Codex never produces new PDF bytes. The invariant is enforced by scripts/produce_surface_audit.py, which fails CI when:

  • pikepdf.new() is invoked anywhere.
  • Any Pdf.save(...) call appears outside the documented apply_ocg_overrides allowlist (a transient in-memory PDF fed straight to Ghostscript with the requested OCG override applied; bytes are never returned to a caller).
  • A producer package is imported (pypdf, pdfrw, reportlab, fpdf, fpdf2, pdfkit, borb).
  • A Ghostscript invocation passes a PDF-writer device (-sDEVICE=pdfwrite, pdfimage8, pdfimage24, pdfimage32).
  • mutool {clean,create,merge}, qpdf write modes, or cpdf is invoked.
  • A b"%PDF-" literal is concatenated into output (read-only sniffs like raw[:5] == b"%PDF-" are explicitly allowed).
  • pikepdf / pymupdf / fitz is imported outside the allowlist (codex_pdf.extract.*, codex_pdf.render.*, codex_pdf.preflight_ingest.adapters, codex_pdf.eval.ps_type4, codex_pdf.api.{main,url_ingest}, codex_pdf.parity, codex_pdf.cli).

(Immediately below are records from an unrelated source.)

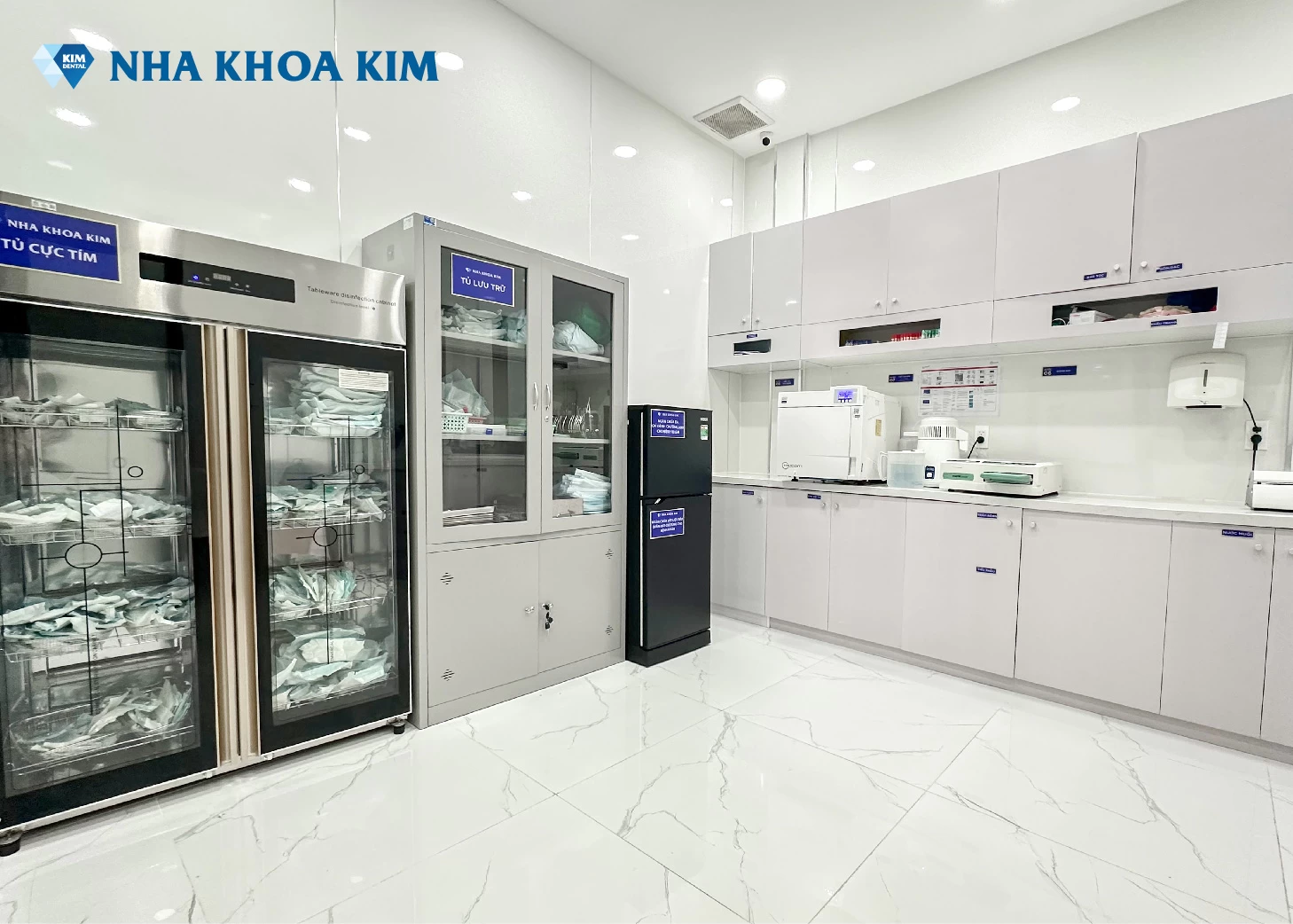 Phòng tiệt khuẩn nha khoa Kim sử dụng nước RO, máy hấp chân không class B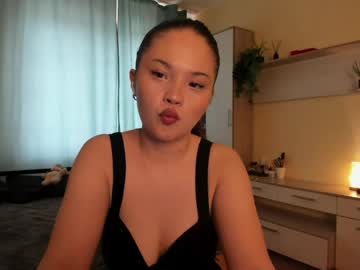 Monyhikari April 19, 2026 Chaturbate stream image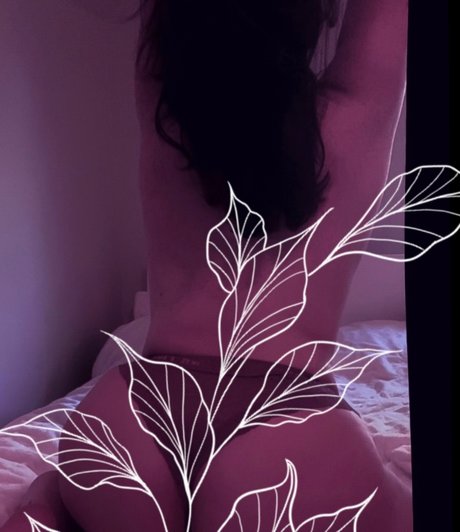 Nikki B nude pornstar img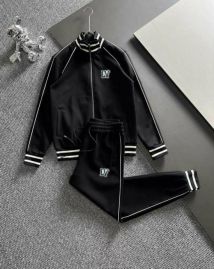 Picture of LV SweatSuits _SKULVM-3XLkdtn8429273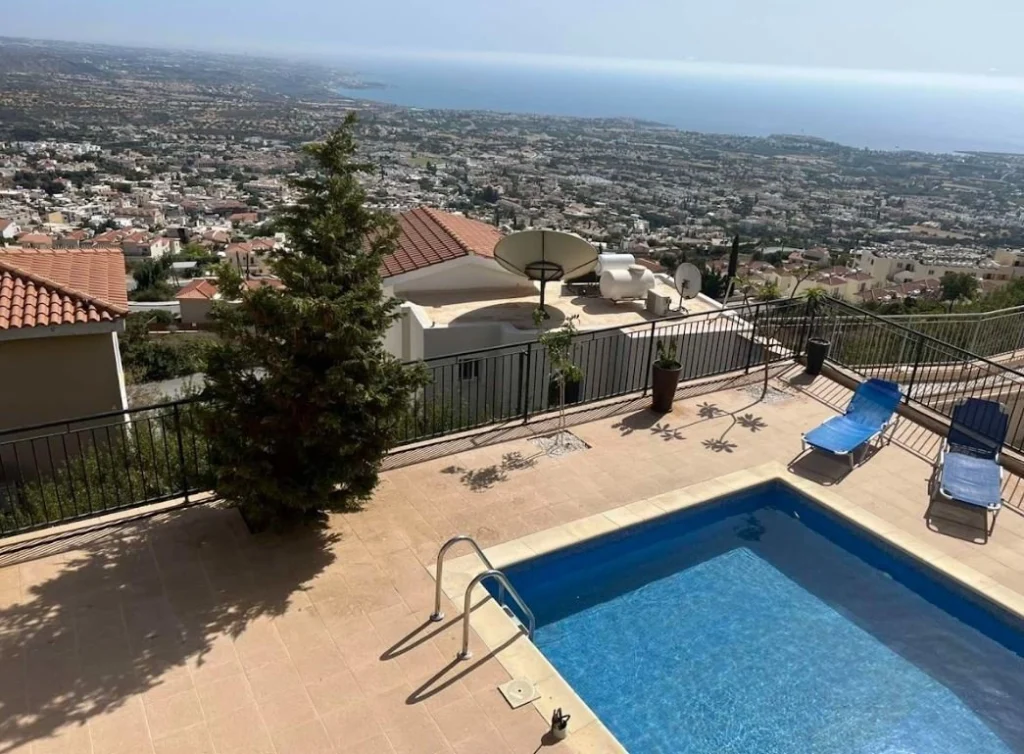 6+ Bedroom House for Sale in Pegeia, Paphos District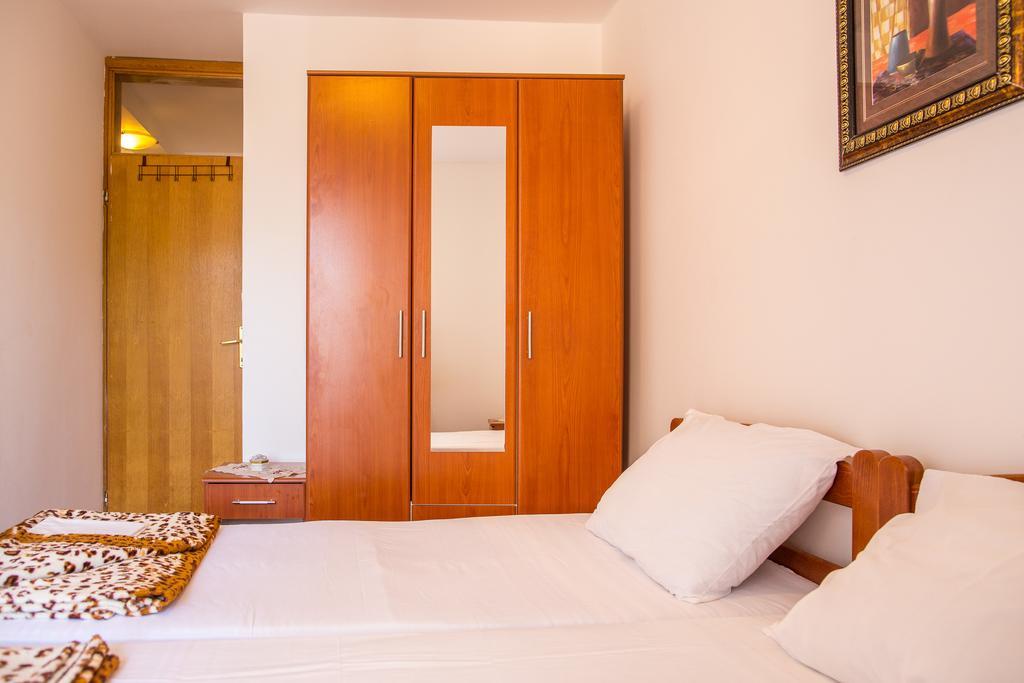 City Apartments Gosposhtina Budva Exteriör bild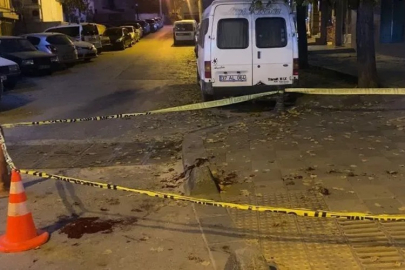 AĞIZ DALAŞI BIÇAKLI KAVGAYA DÖNÜŞTÜ 1 KİŞİ YARALANDI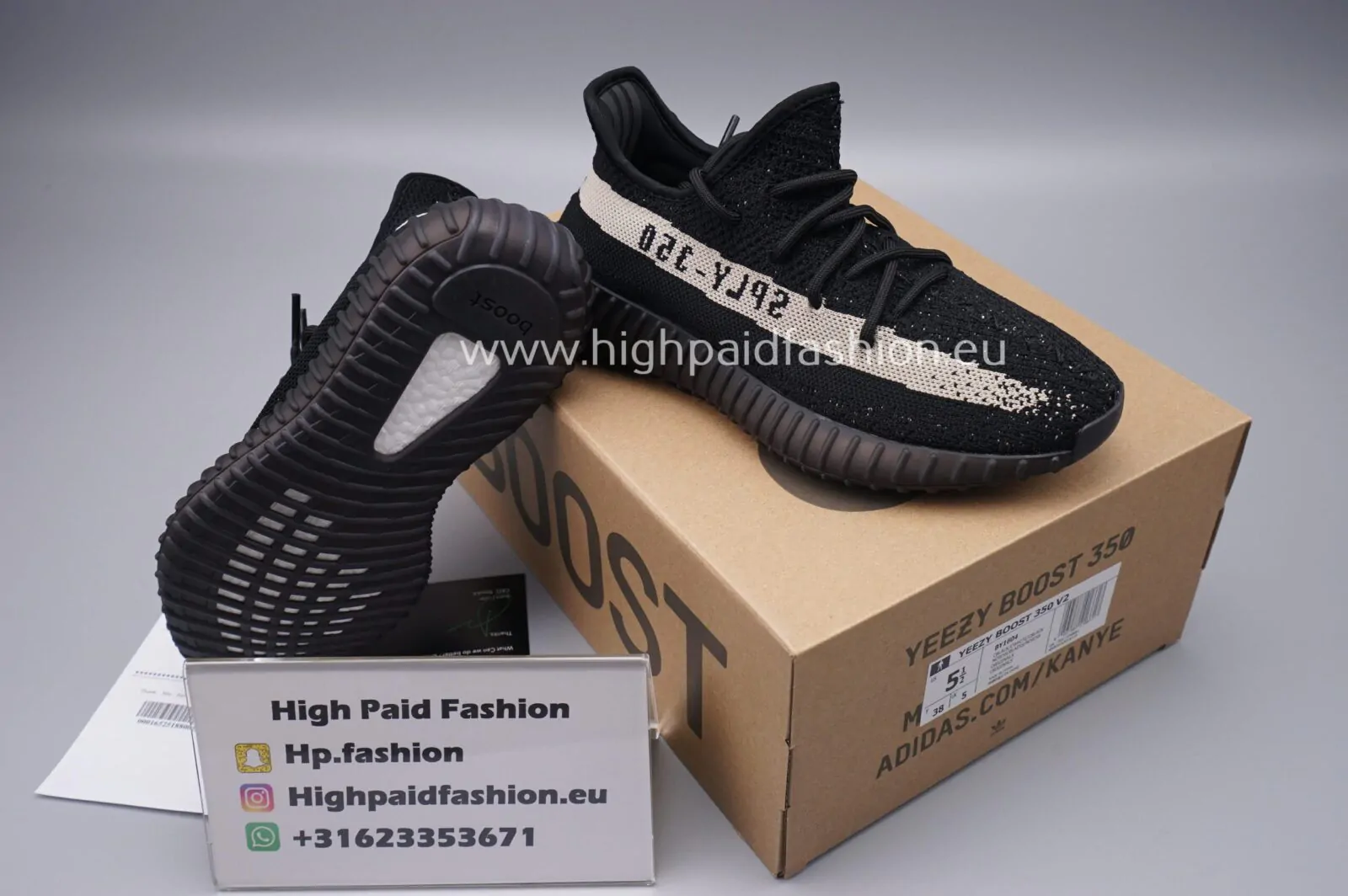 Yeezy Boost 350 V2 Oreo - Afbeelding 3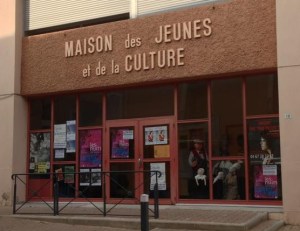 I ungdomscentret hänger ytterligare ett gäng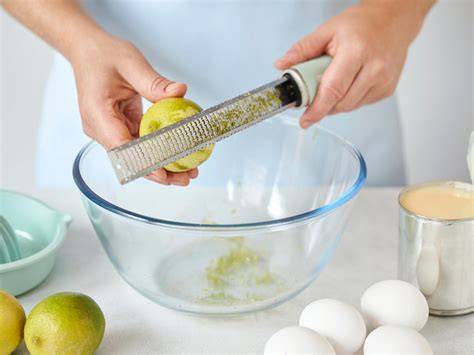 Zubereitung Limettenschale mit Reibe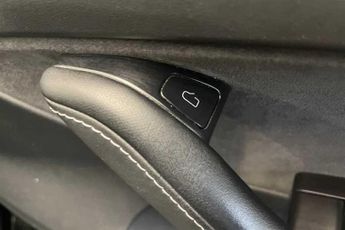 TESLA MODEL 3 (Dual Motor) Performance Saloon 4dr Electric Auto 4WDE (Performa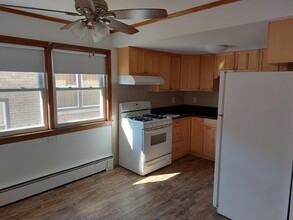 6216 W Irving Park Rd in Chicago, IL - Building Photo - Building Photo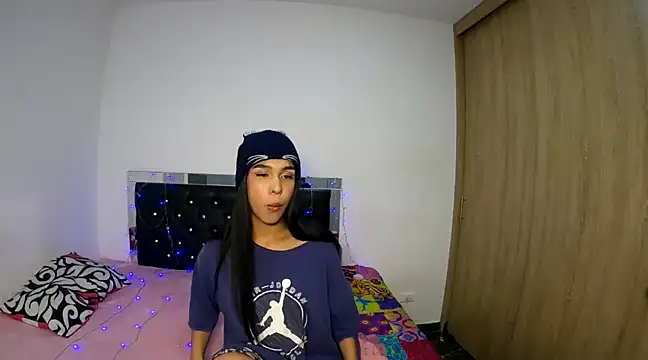 hot quenn online show from 12.02.24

The audit emits a JSON report (reports/audit/produce_surface.json) on every CI run alongside the parity gate so reviewers can track status changes commit-by-commit.

Any future need to write PDF bytes goes into a separate Forge service (rewrite, marks, impose, trap), never into a consumer. Codex stays read-only; consumers stay byte-level-clean.